Этиология ИЦ/СБМП все еще остается неясной и может включать множество причин. С целью прояснения этого вопроса и лучшего понимания патогенеза ИЦ/СБМП создаются экспериментальные модели данной патологии. Для анализа функций мочевого пузыря, как правило, используются модели, основанные на действии вредных внутрипузырных или системных стимулов на здоровых животных (Birder, Andersson, 2018). Для изучения различных факторов, которые могут иметь отношение к ИЦ/СБМП, обычно используют, по меньшей мере, три различных типа моделей на животных: модели, ориентированные на мочевой пузырь, модели со сложными механизмами и модели психологических и физических стрессоров (естественных заболеваний) (Birder, Andersson, 2018). В настоящем исследовании мы использовали модель ИЦ/СБМП, которая воспроизводит просачивание компонентов мочи через поврежденный уротелий в пластинку мочевого пузыря (Teichman, Moldwin, 2007), что стимулирует воспаление и обусловливает боли в мочевом пузыре.

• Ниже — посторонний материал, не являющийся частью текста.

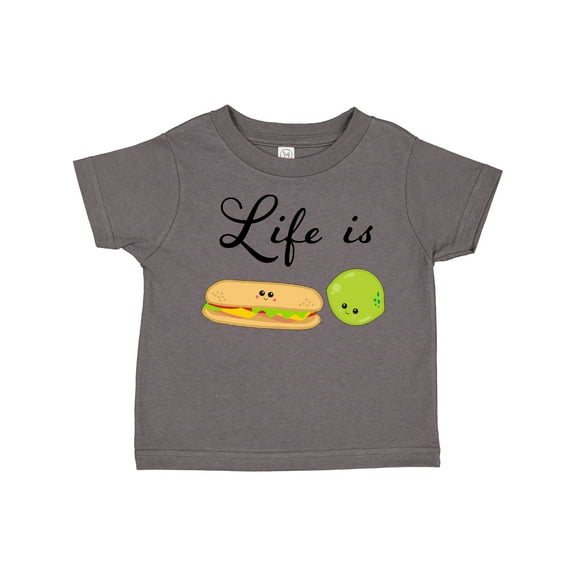 Inktastic Life is Sublime- Cute Food Pun Boys or Girls Toddler T-Shirt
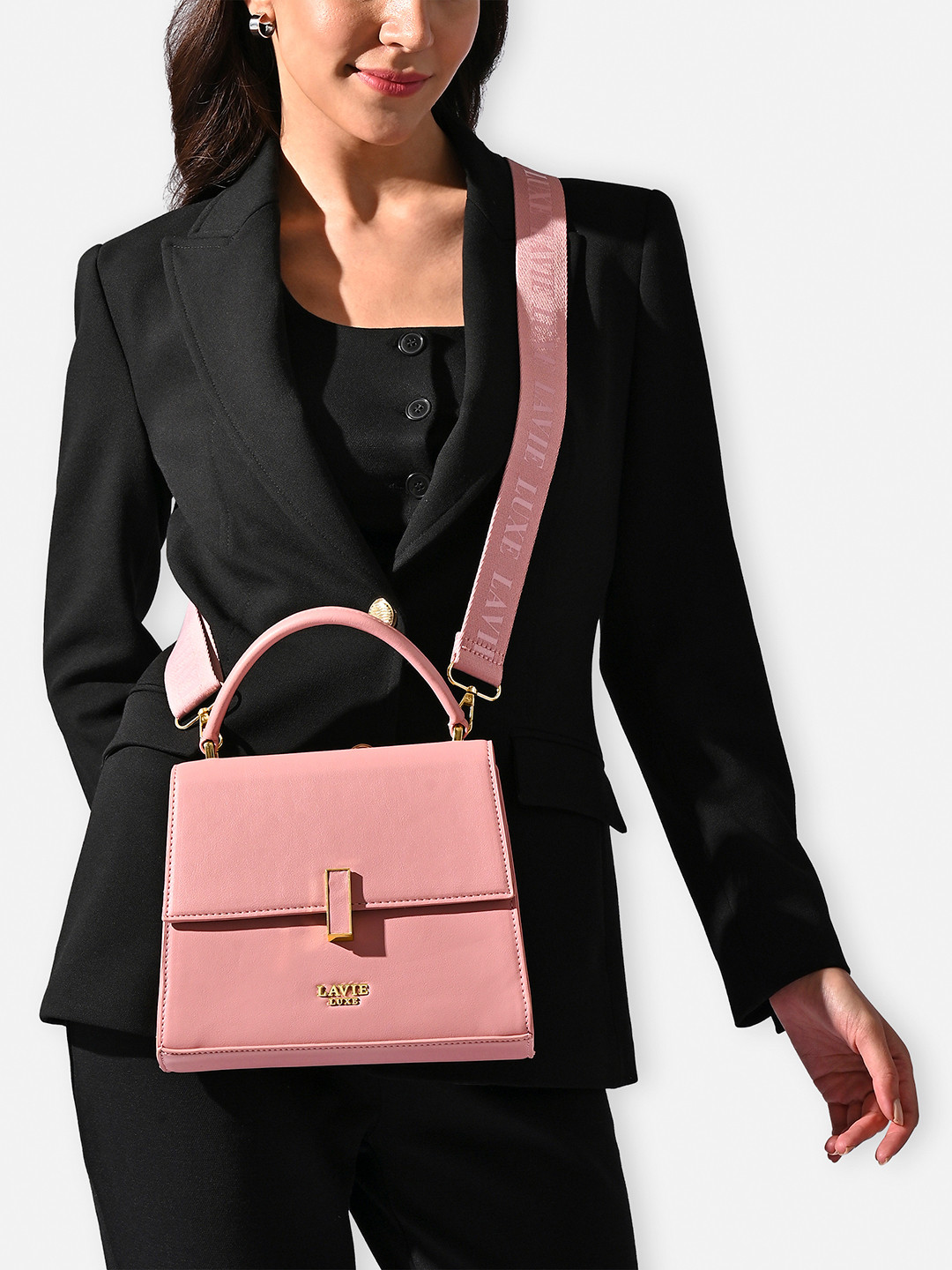 LAVIE LUXE Merci25 Oversized Structured Easy Carry Satchel Bag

В образцах животных, которым вводили мочу под слизистую основу мочевого пузыря, начиная c собственной пластинки эпителиального покрытия, в расположении пучков коллагеновых волокон наблюдали разрыхления различной степени. По мере приближения к мышечному слою среди отдельных разнонаправленных коллагеновых волокон обнаруживались области мелкогранулярных преципитатов плазменных белков, что является признаком резкого нарушения проницаемости кровеносных сосудов при экспериментальном цистите (рис. 1).

Рис. 1.

Фрагмент собственной пластинки слизистой оболочки мочевого пузыря на 7‑е сут после введения мочи в подслизистую оболочку. Головки стрелок - базальная мембрана, звездочка - место расположения отечной жидкости, E - эндотелиальная клетка, LV - просвет сосуда, N - ядро. Масштабный отрезок - 2 мкм.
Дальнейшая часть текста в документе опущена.